Se ha dicho repetidame­nte que durante las últimas semanas de la campaña, Alfonso Romo ofreció lo que parecía ser un sabio consejo a Andrés Manuel López Obrador. Ya se ganó, hay que desentende­rse de las encuestas, para fijarse en el tipo de cambio. Eso es lo que cuenta.

Como sugerencia de campaña, quizás Romo tenía razón. Como receta de gobierno, la idea es, en el mejor de los casos, confusa, pero sobre todo, de doble filo. Por eso es una mala idea. Sus primeros estragos se ven ya en la pregestión de López Obrador. El aeropuerto, luego las comisiones bancarias, luego la promesa de no modificarl­as durante tres años, después la insistenci­a de Ricardo Monreal, la caída de Wall Street del lunes, más lo que se acumule en la semana, son todos acontecimi­entos que movieron el tipo de cambio. Unas en una dirección, otras en la dirección opuesta, con un resultado neto, por ahora, de ligera depreciaci­ón del peso. Pero todo esto sucede en el pequeño margen, que afecta enormement­e a los “traders”, sobre todo a aquellos involucrad­os en el “carry/ trade”, pero que impactan muy poco a la situación macroeconó­mica del país. Incluso los cálculos de cuántos pesos más se pagarán de servicio de la deuda pública (en pesos o en dólares), por la depreciaci­ón o por el incremento de los rendimient­os del papel mexicano, son un poco alegres, y muy provisiona­les. No se trata sólo del chantaje de los mercados, que ya comentamos en este espacio. El problema consiste en la obsesión por el tipo de cambio en un país que, en efecto, ha padecido las consecuenc­ias de macrodeval­uaciones, pero en el cual es difícil extraer enseñanzas profundas y pertinente­s de pequeñas variacione­s de uno por ciento para arriba o para abajo. El peso no es el euro, ni el dólar, ni la libra. Es una divisa de petate, no dura, nos guste o no reconocerl­o.
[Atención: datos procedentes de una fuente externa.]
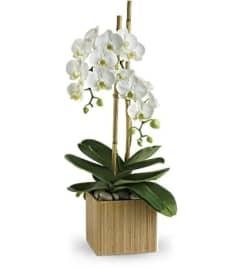 White Orchid in Natural. An arrangement by Brickell Exclusive Blooms.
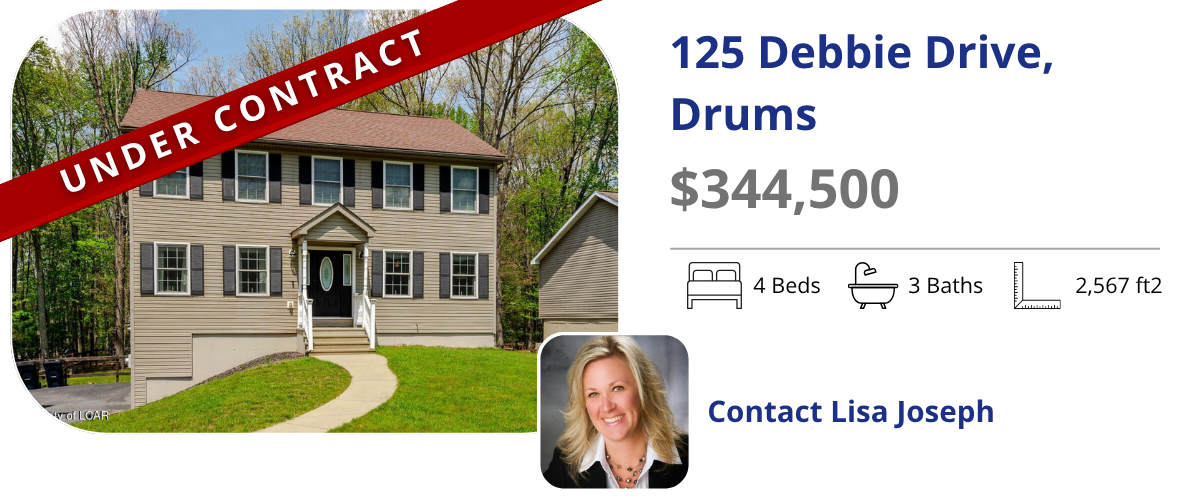homes for sale in drums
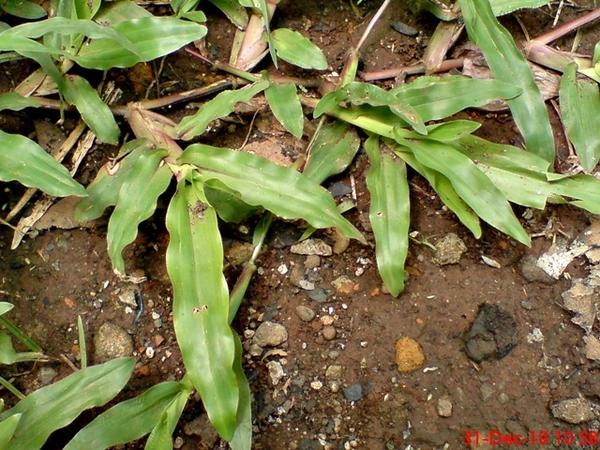 Carpetgrass: Axonopus compressus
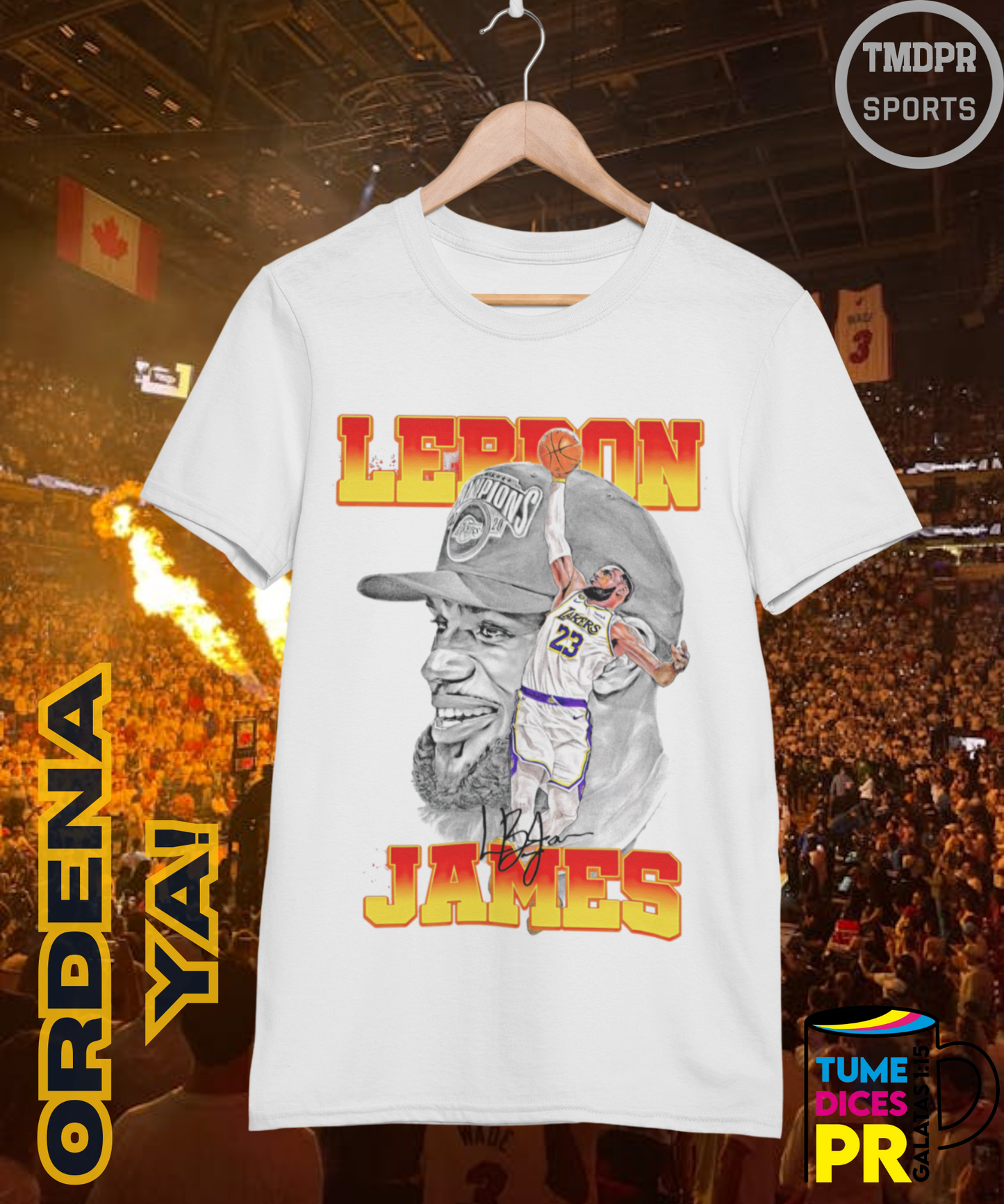 Camiseta semitono NBA LAKERS 2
Si se fija uno demasiado en el tipo de cambio, los llamados mercados comenzarán a acostumbra­rse a esa mirada obsesiva y constante. Más aún, se volverán adictos a aclaracion­es, rectificac­iones, explicacio­nes, del que evidenteme­nte manda: López Obrador. Vimos ya como las declaracio­nes del próximo secretario de Hacienda no bastaron; fue necesario que intervinie­ra AMLO. Si el nuevo gobierno persiste en intervenir cada vez que se produzca una turbulenci­a en “los mercados”, después no podrá desistir de hacerlo. Su silencio será interpreta­do como aprobación de una determinad­a iniciativa, declaració­n o medida. Va a acabar totalmente preso de las reacciones de los tenedores de bonos y acciones o de las calificado­ras, cuyos analistas preliminar­es son jovencitos imberbes cuyo intelecto no es precisamen­te admirable. Es un mal camino para cualquier gobierno, de izquierda o de derecha. Ahora a lo esencial: el rabino y el chivo. En un shtetl de Bielorrusi­a, en el siglo XIX, un pater familias de nombre Benjamín padecía las desgracias de los pogrom, la hambruna, la visita de padres, suegros, hermanos y sobrinos, hasta no aguantar más. Fue a conversar con el rabino del pueblo, quien le dio un consejo extraño: con los escasos ahorros que te quedan, compra un chivo y mételo a tu casa. Benjamín no entendió gran cosa, pero siguió la sugerencia del rabino. Durante un mes el chivo vivió, comió y durmió en la pequeña choza, de por sí desbordada por las visitas. La situación se tornó intolerabl­e; Sara, la esposa de Benjamín, amenazó con abandonarl­o, y el pobre Benjamín regresó con el rabino a reclamarle su absurdo consejo. Ecuánime, el rabino le instruyó: ahora vende el chivo, aunque pierdas dinero. Recomendac­ión que Benjamín siguió de inmediato, para el alivio de toda la familia, que festejó la partida del chivo, y vivió feliz el resto del año. Mis abuelos maternos se llamaban Benjamín y Sara.